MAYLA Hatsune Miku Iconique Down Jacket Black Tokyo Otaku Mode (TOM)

==

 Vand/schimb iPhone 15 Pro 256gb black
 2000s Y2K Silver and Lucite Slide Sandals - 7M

--

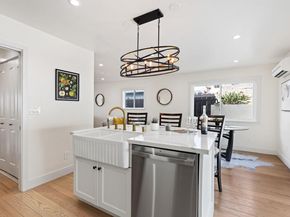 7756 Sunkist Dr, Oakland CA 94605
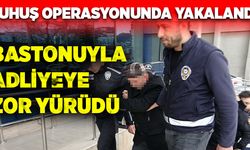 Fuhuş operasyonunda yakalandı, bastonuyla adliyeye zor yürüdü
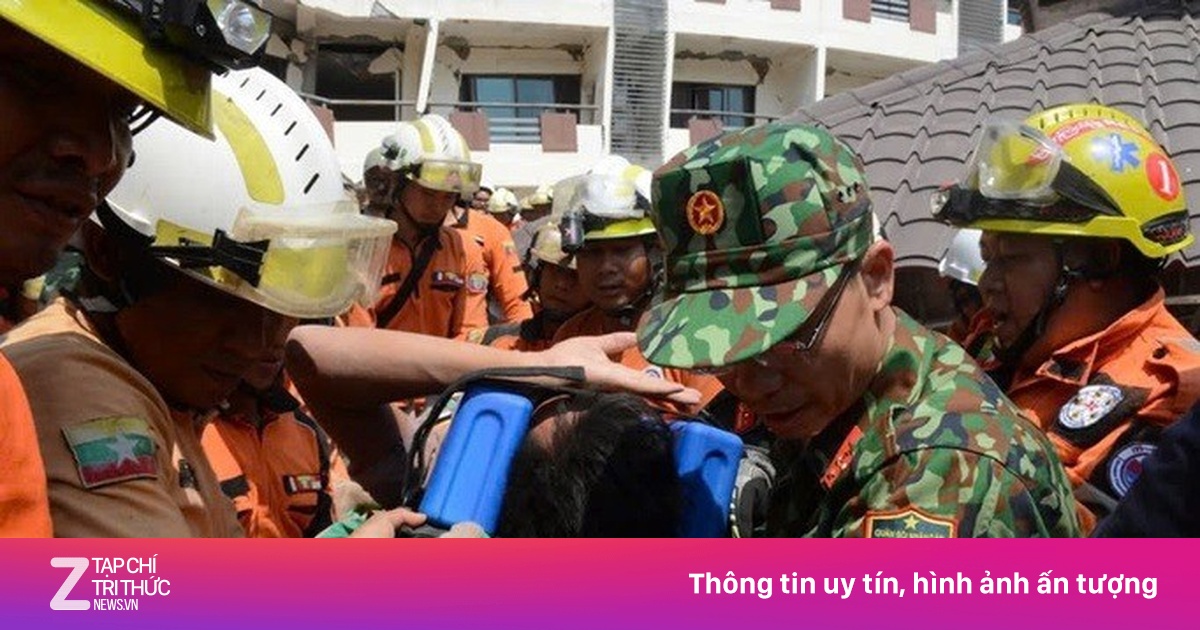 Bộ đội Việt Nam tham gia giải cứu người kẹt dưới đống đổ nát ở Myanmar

**BRIEF:** Of the lines above, output exactly those from the line bearing "Vand/schimb iPhone 15 Pro 256gb black" through the line bearing "2000s Y2K Silver", inclusive.

**YOUR SOLUTION:**
 Vand/schimb iPhone 15 Pro 256gb black
 2000s Y2K Silver and Lucite Slide Sandals - 7M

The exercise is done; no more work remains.